▸ **REQUIRED ACTION**: Give all of the data below again exactly, and drop the images.

▸ **THE INPUT**:
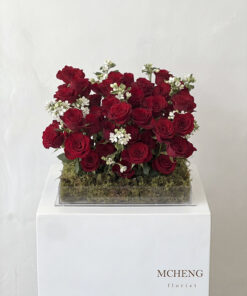 Mẫu Hộp Hoa Mica Hồng Đỏ thiết kế sang trọng trong hộp trong suốt tại Mcheng Florist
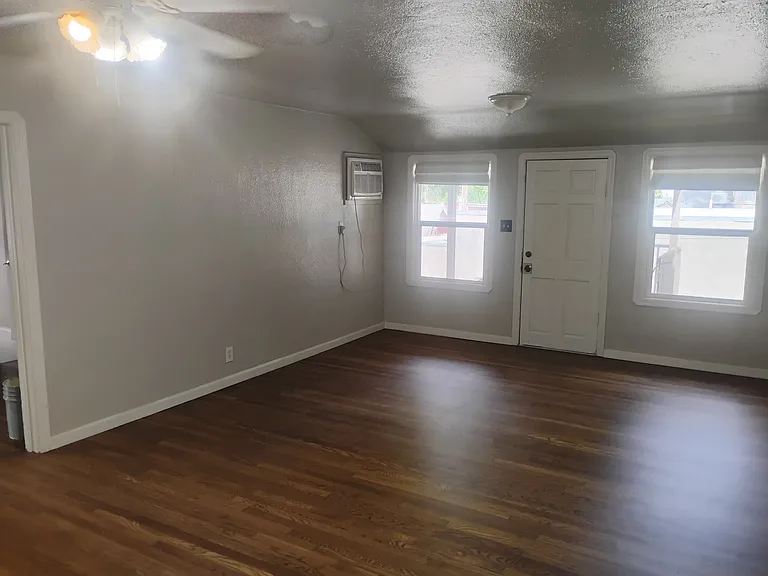 2042 Jackson Ave — Photo 6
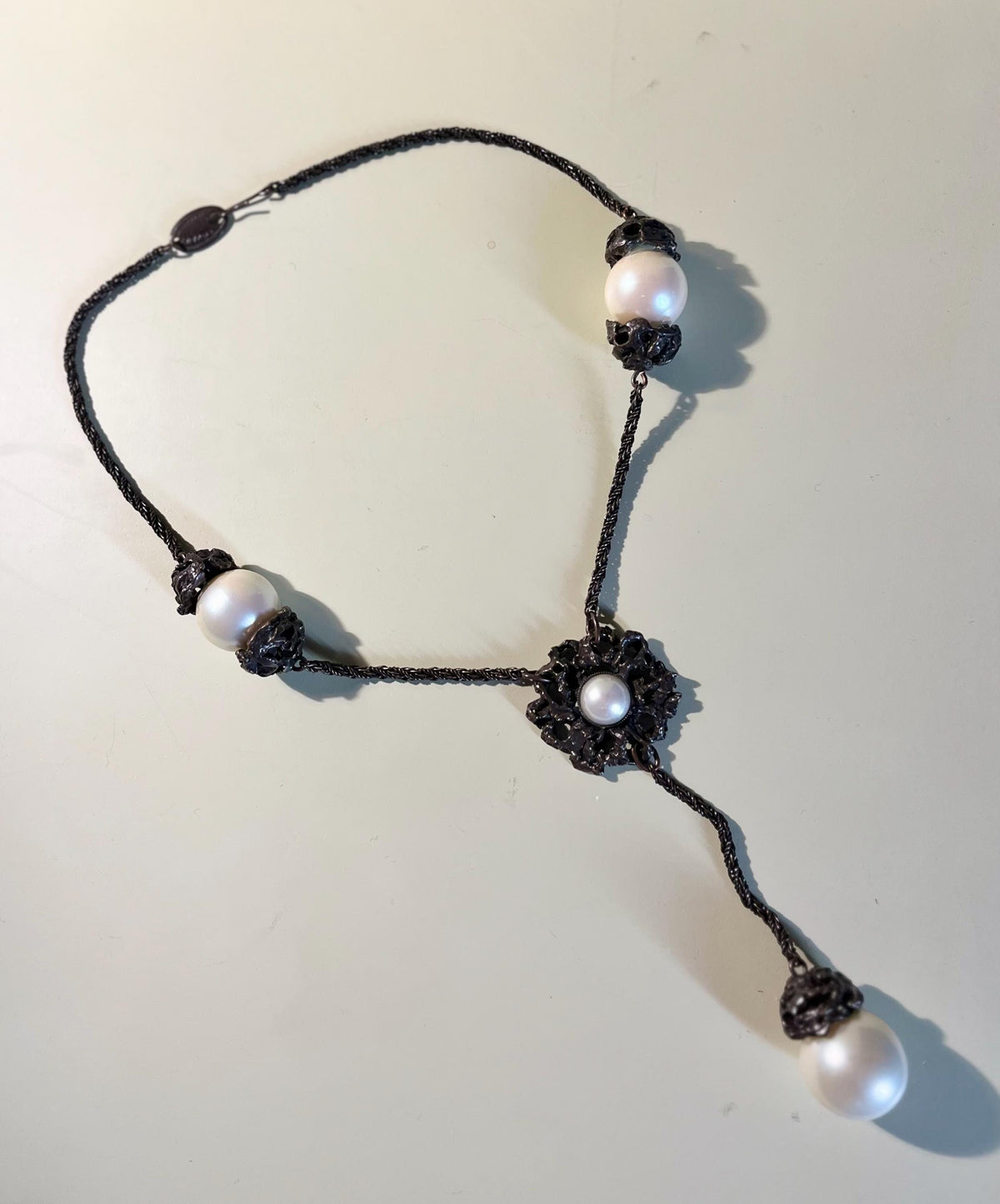 Collana pendente Bozart fine anni 70 con perle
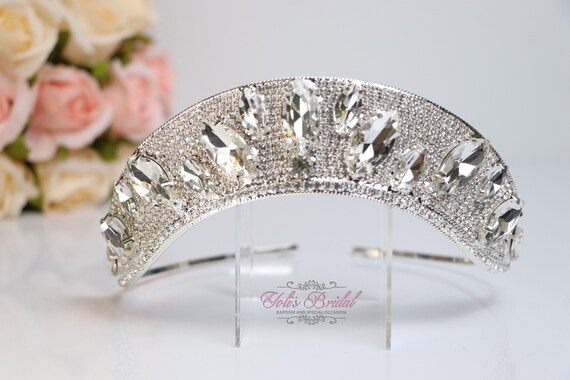 Sparkling Silver Tiara Crown Vintage Silver Bridal Tiara With Sparkling Rhinestones  main image 3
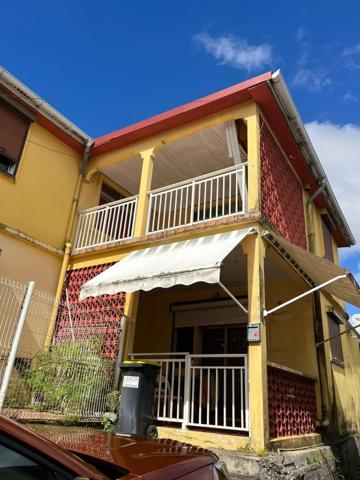 Immeuble à LE LAMENTIN, 97232 - 249m²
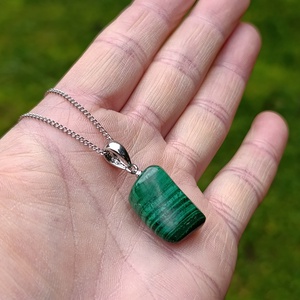 Malachit medál nemesacél nyakláncon - ékszer - nyaklánc - medál - Meska.hu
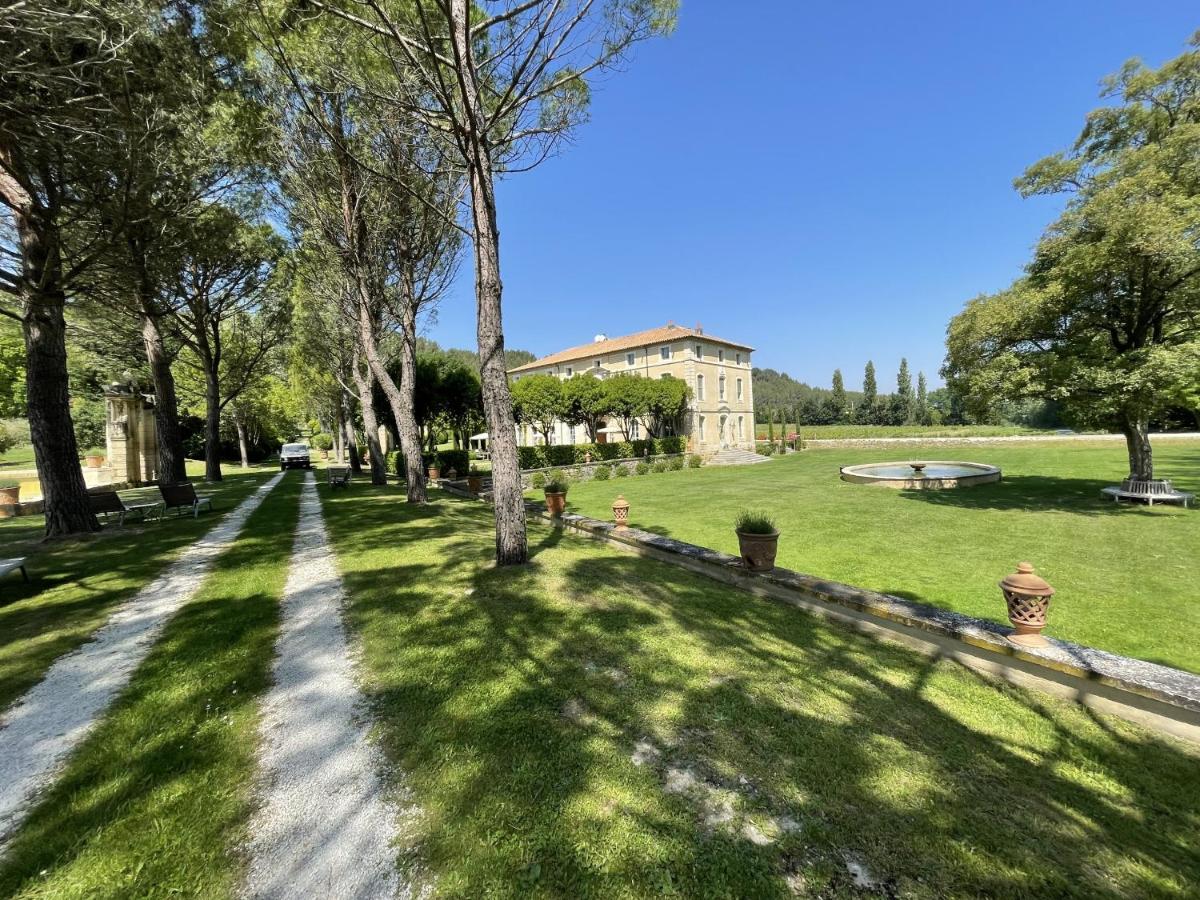 Chateau Talaud Loriol-du-Comtat المظهر الخارجي الصورة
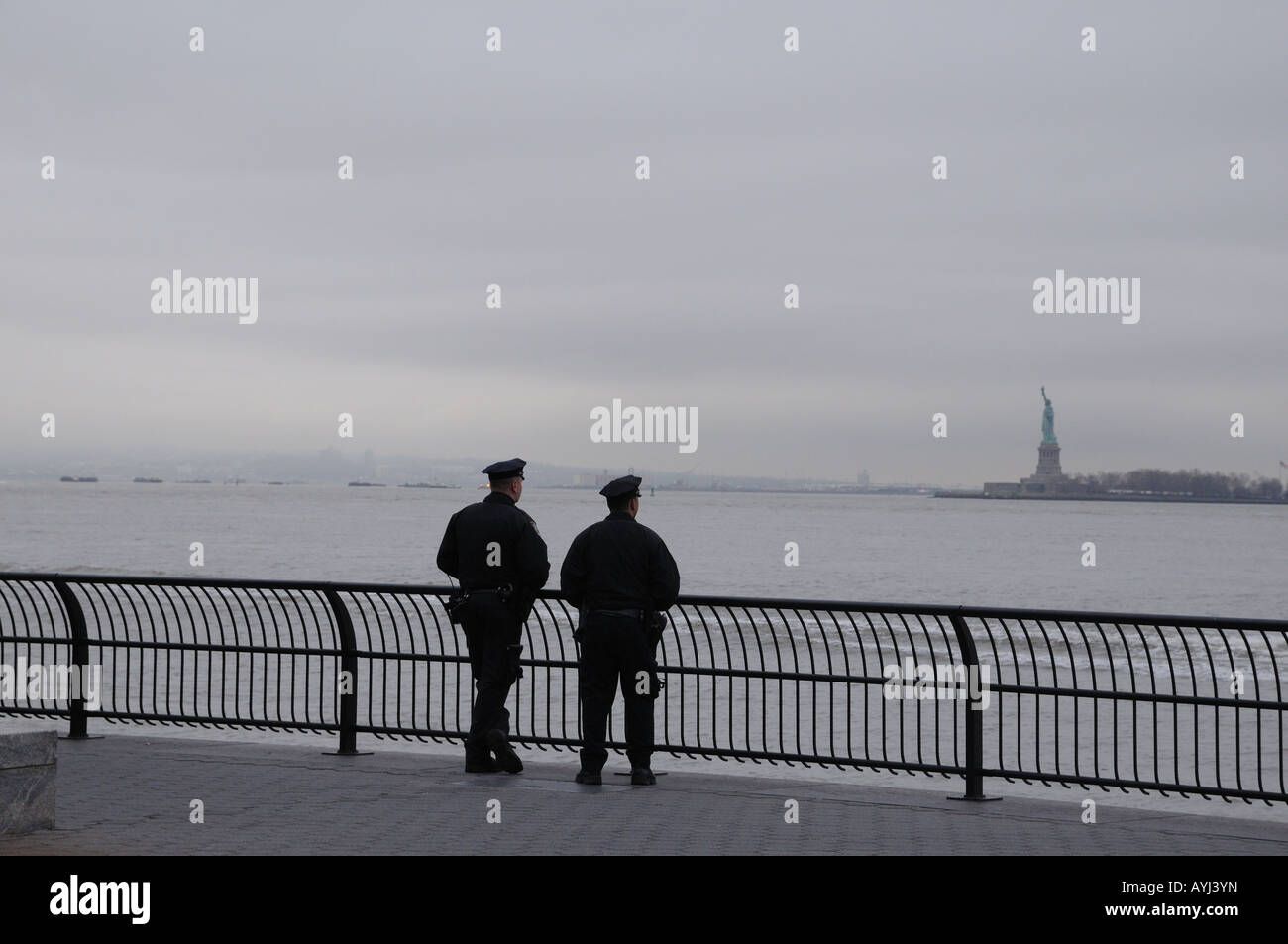 Des policiers dans la ville de New York Manhattan inférieur avec le fleuve Hudson et la Statue de la liberté en arrière-plan. Banque D'Images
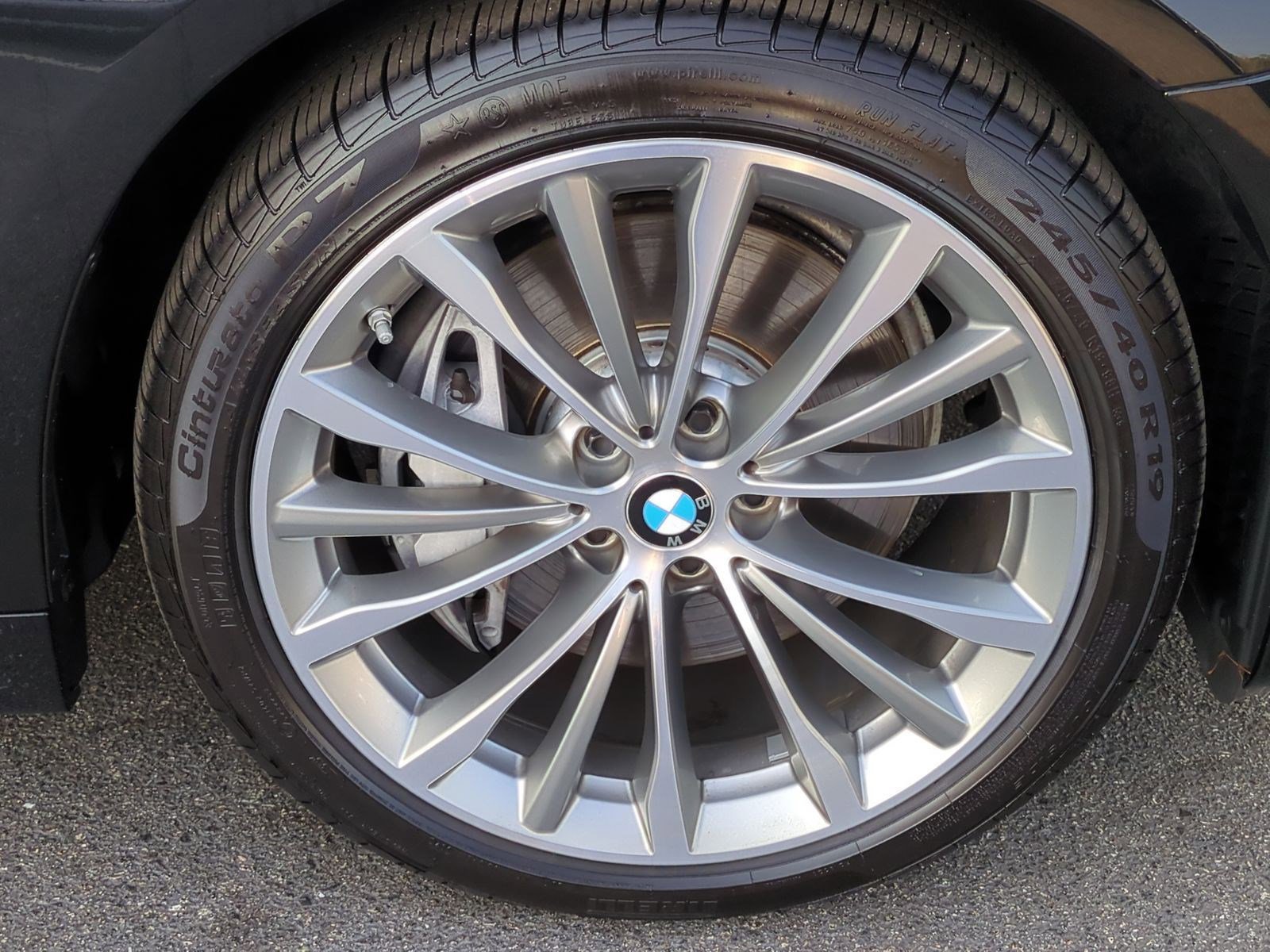 Used 2023 BMW 540i xDrive w/ Premium Package image 13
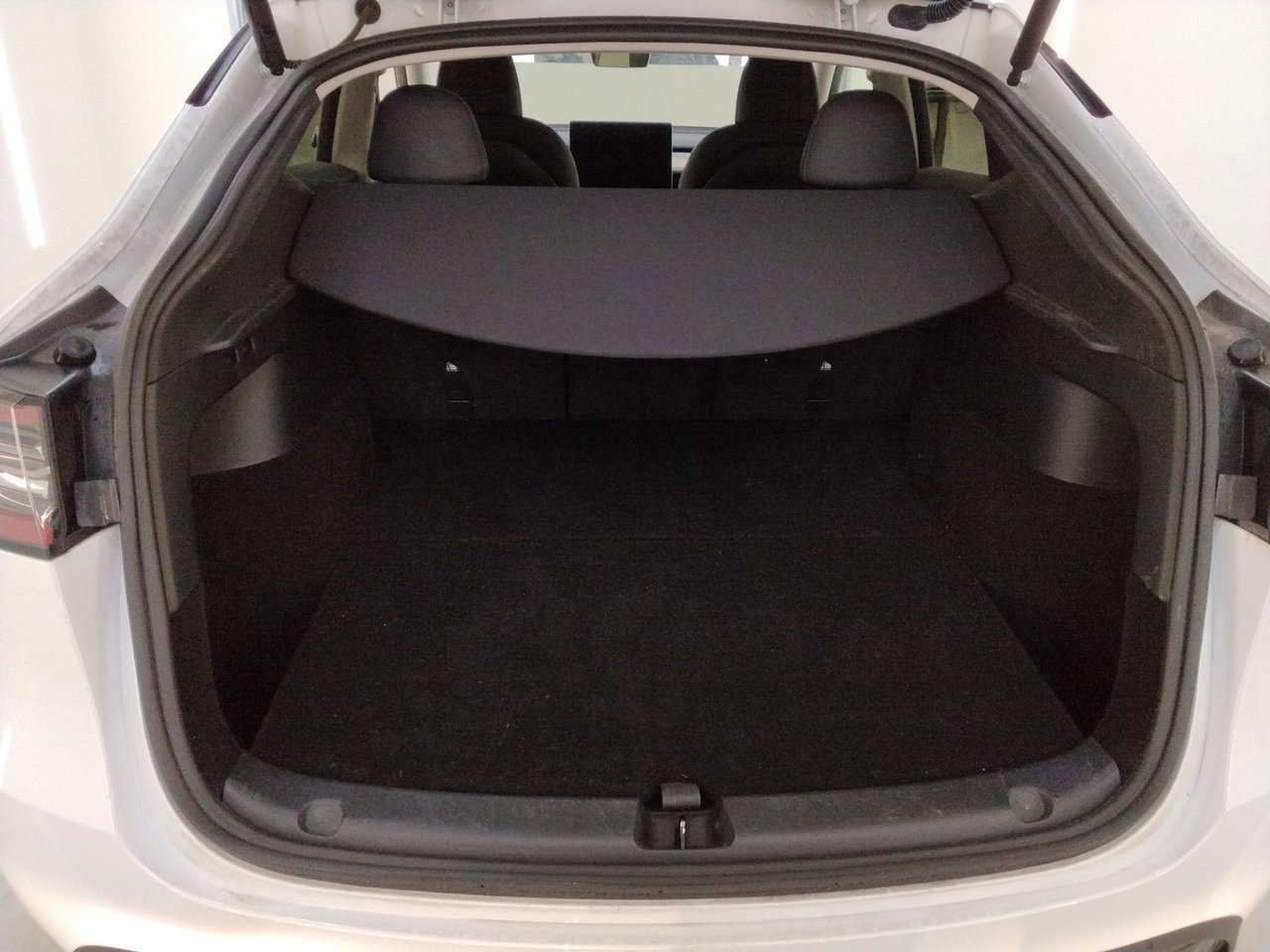 Tesla Model Y Model Y Standard RWD Plus 89.4% SoH [ TREKHAAK+AMD RYZEN+FSD+20 INCH+PREMIUM AUDIO 12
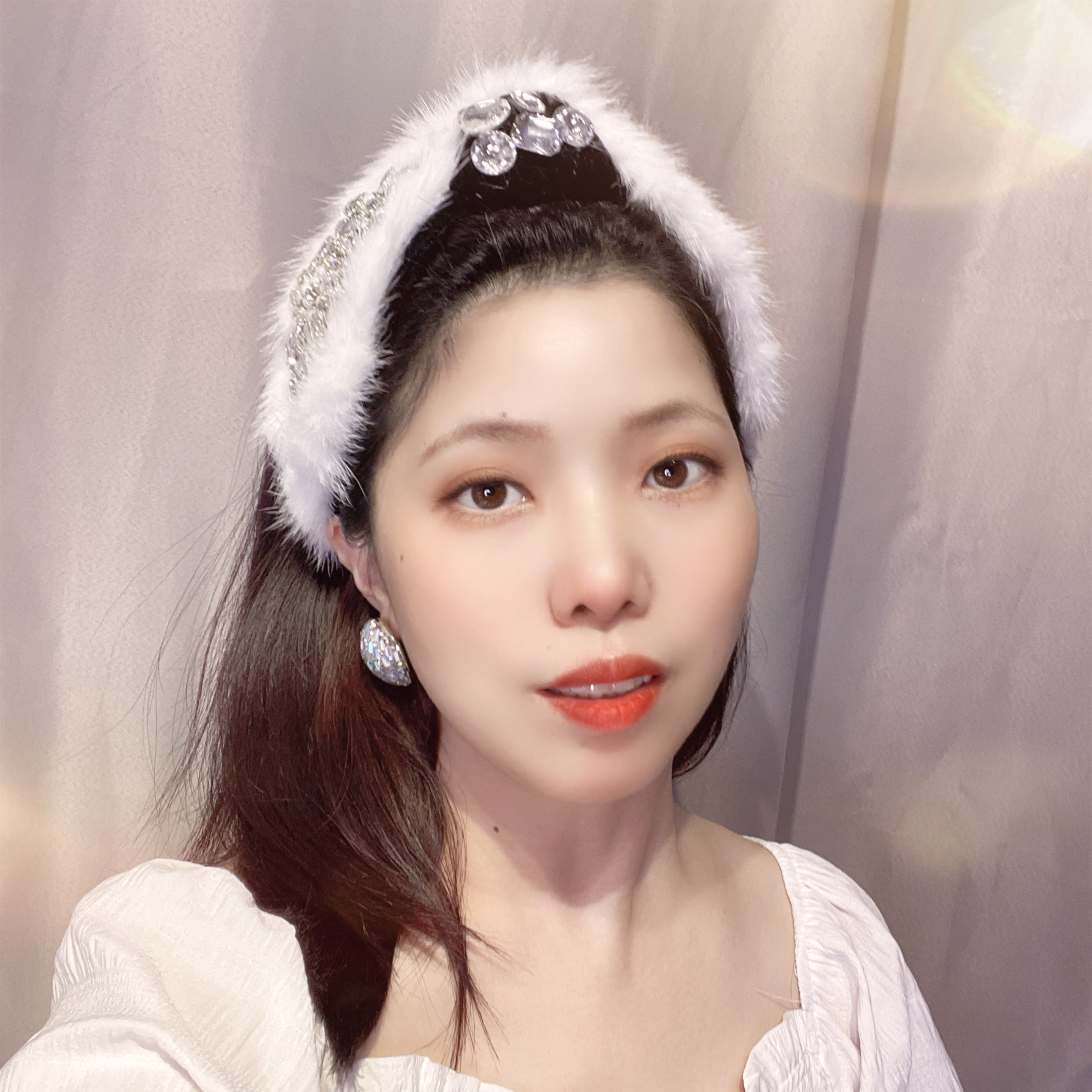 原创新款发饰白色水貂毛打结发箍女高级感水晶发卡宽边镶钻头箍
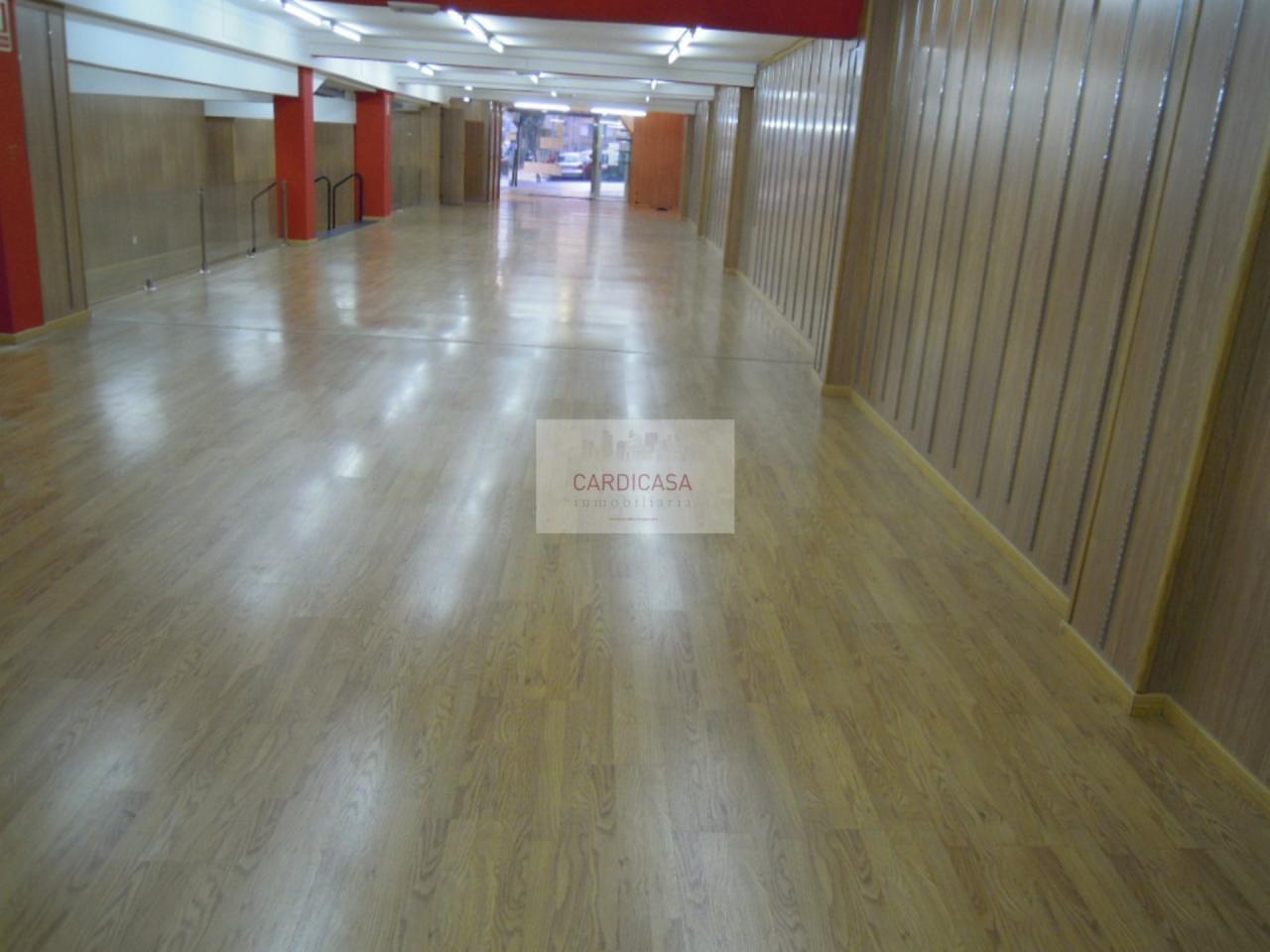 166263652900021972_165655243391 Local comercial en alquiler en Zona Praza España-Casablanca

▸ **RESULT BELOW**:
 Mẫu Hộp Hoa Mica Hồng Đỏ thiết kế sang trọng trong hộp trong suốt tại Mcheng Florist
 2042 Jackson Ave — Photo 6
 Collana pendente Bozart fine anni 70 con perle
 Sparkling Silver Tiara Crown Vintage Silver Bridal Tiara With Sparkling Rhinestones  main image 3
 Immeuble à LE LAMENTIN, 97232 - 249m²
 Malachit medál nemesacél nyakláncon - ékszer - nyaklánc - medál - Meska.hu
 Chateau Talaud Loriol-du-Comtat المظهر الخارجي الصورة
 Des policiers dans la ville de New York Manhattan inférieur avec le fleuve Hudson et la Statue de la liberté en arrière-plan. Banque D'Images
 Used 2023 BMW 540i xDrive w/ Premium Package image 13
 Tesla Model Y Model Y Standard RWD Plus 89.4% SoH [ TREKHAAK+AMD RYZEN+FSD+20 INCH+PREMIUM AUDIO 12
 原创新款发饰白色水貂毛打结发箍女高级感水晶发卡宽边镶钻头箍
 166263652900021972_165655243391 Local comercial en alquiler en Zona Praza España-Casablanca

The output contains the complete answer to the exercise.